Problem to work on: A partial copy is required: transcribe exactly the lines from the one containing "지금은 I되었어요 …🤛🏻" through the last line below, without any pictures.

Items listed in a dataset:

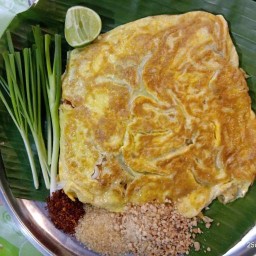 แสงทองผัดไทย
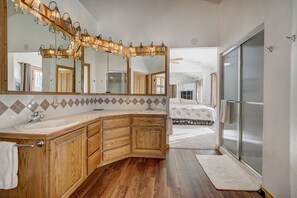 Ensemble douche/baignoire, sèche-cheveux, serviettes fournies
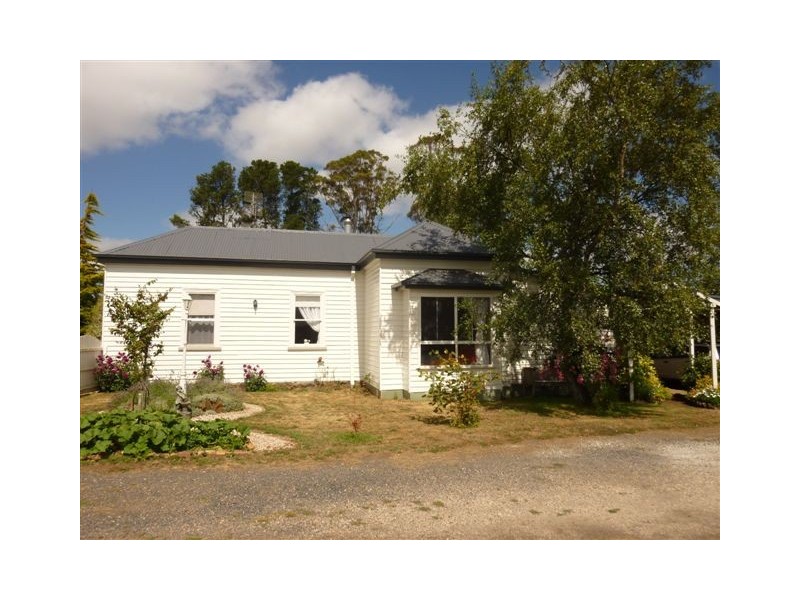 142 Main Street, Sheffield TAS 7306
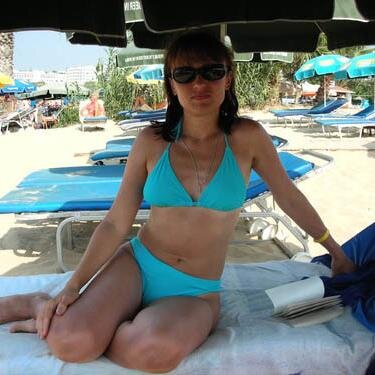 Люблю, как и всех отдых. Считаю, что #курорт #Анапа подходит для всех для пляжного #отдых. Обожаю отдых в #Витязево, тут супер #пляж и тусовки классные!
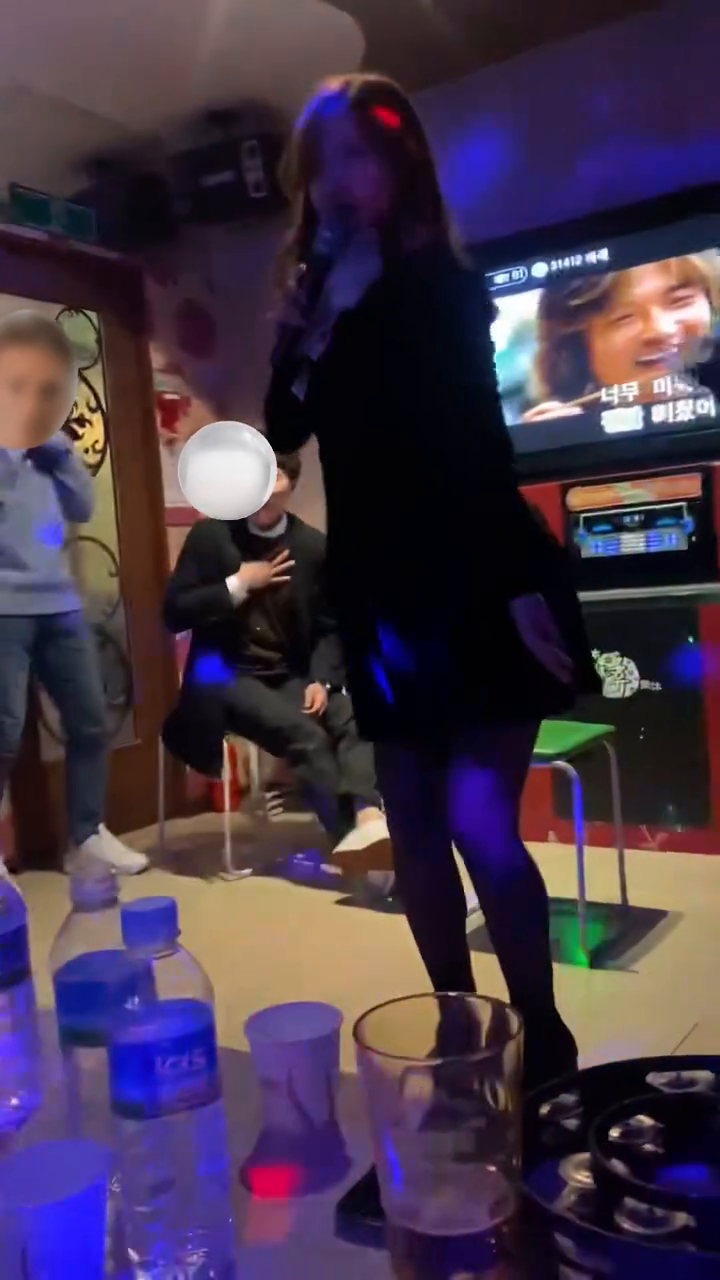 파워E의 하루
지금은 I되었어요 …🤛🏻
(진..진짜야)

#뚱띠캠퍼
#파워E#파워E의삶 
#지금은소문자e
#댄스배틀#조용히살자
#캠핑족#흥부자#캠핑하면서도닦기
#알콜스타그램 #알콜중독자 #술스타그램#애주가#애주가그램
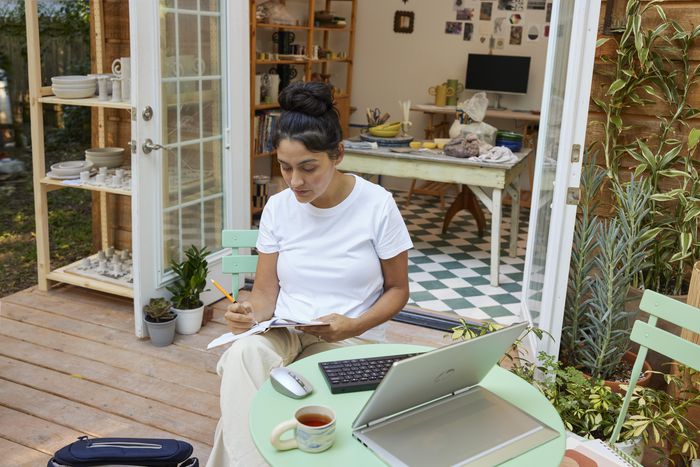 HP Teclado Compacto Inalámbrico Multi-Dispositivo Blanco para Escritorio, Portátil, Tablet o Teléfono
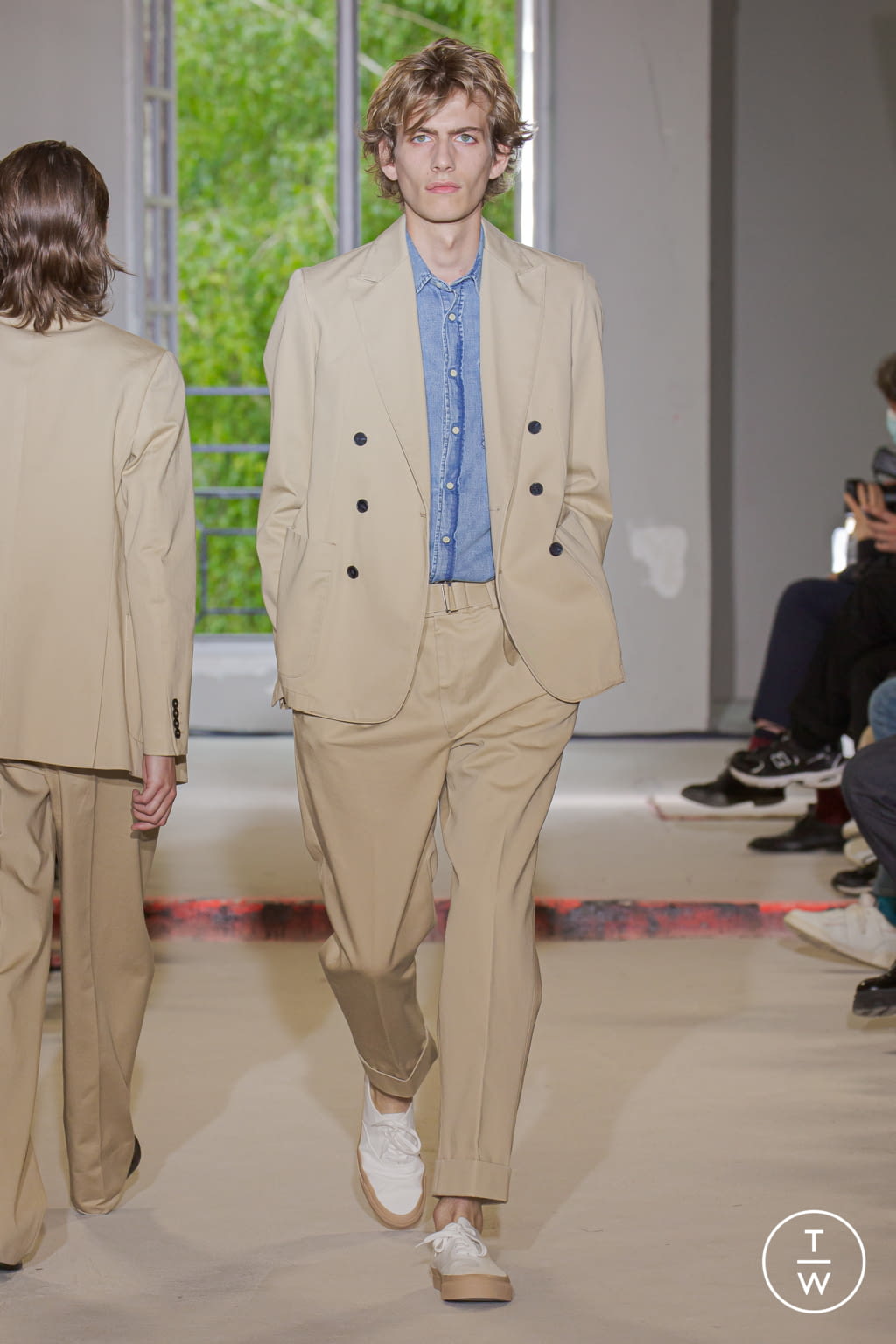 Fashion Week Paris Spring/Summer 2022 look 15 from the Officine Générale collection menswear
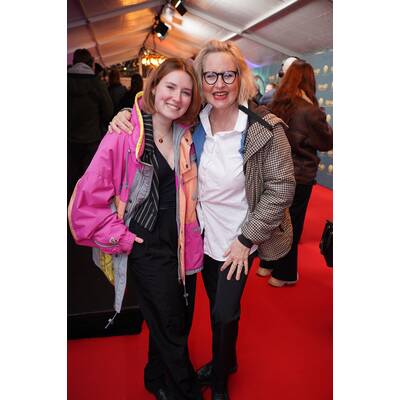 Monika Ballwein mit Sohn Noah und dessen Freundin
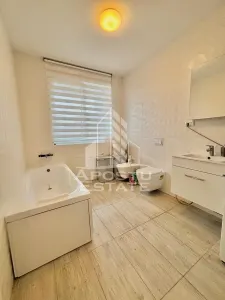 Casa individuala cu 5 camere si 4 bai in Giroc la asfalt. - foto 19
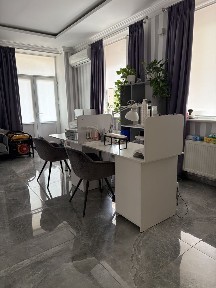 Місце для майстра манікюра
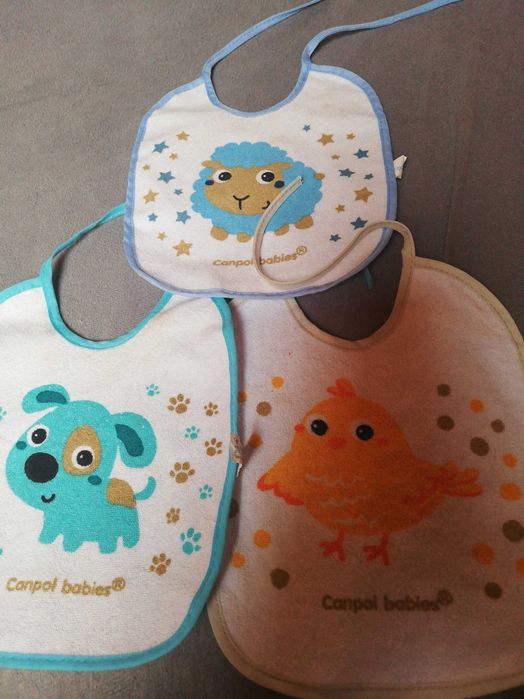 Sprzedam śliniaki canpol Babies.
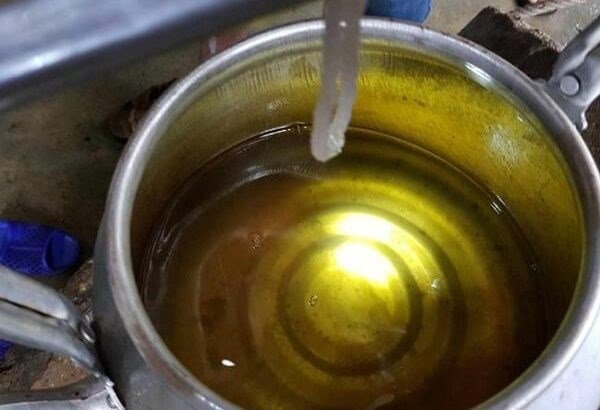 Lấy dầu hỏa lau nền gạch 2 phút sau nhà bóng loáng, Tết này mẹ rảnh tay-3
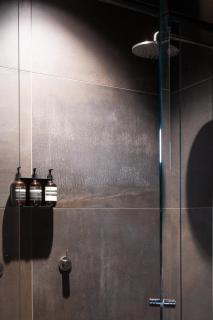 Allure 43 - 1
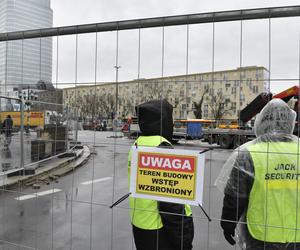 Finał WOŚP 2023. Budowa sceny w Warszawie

Task answer:
지금은 I되었어요 …🤛🏻
(진..진짜야)

#뚱띠캠퍼
#파워E#파워E의삶 
#지금은소문자e
#댄스배틀#조용히살자
#캠핑족#흥부자#캠핑하면서도닦기
#알콜스타그램 #알콜중독자 #술스타그램#애주가#애주가그램
 HP Teclado Compacto Inalámbrico Multi-Dispositivo Blanco para Escritorio, Portátil, Tablet o Teléfono
 Fashion Week Paris Spring/Summer 2022 look 15 from the Officine Générale collection menswear
 Monika Ballwein mit Sohn Noah und dessen Freundin
 Casa individuala cu 5 camere si 4 bai in Giroc la asfalt. - foto 19
 Місце для майстра манікюра
 Sprzedam śliniaki canpol Babies.
 Lấy dầu hỏa lau nền gạch 2 phút sau nhà bóng loáng, Tết này mẹ rảnh tay-3
 Allure 43 - 1
 Finał WOŚP 2023. Budowa sceny w Warszawie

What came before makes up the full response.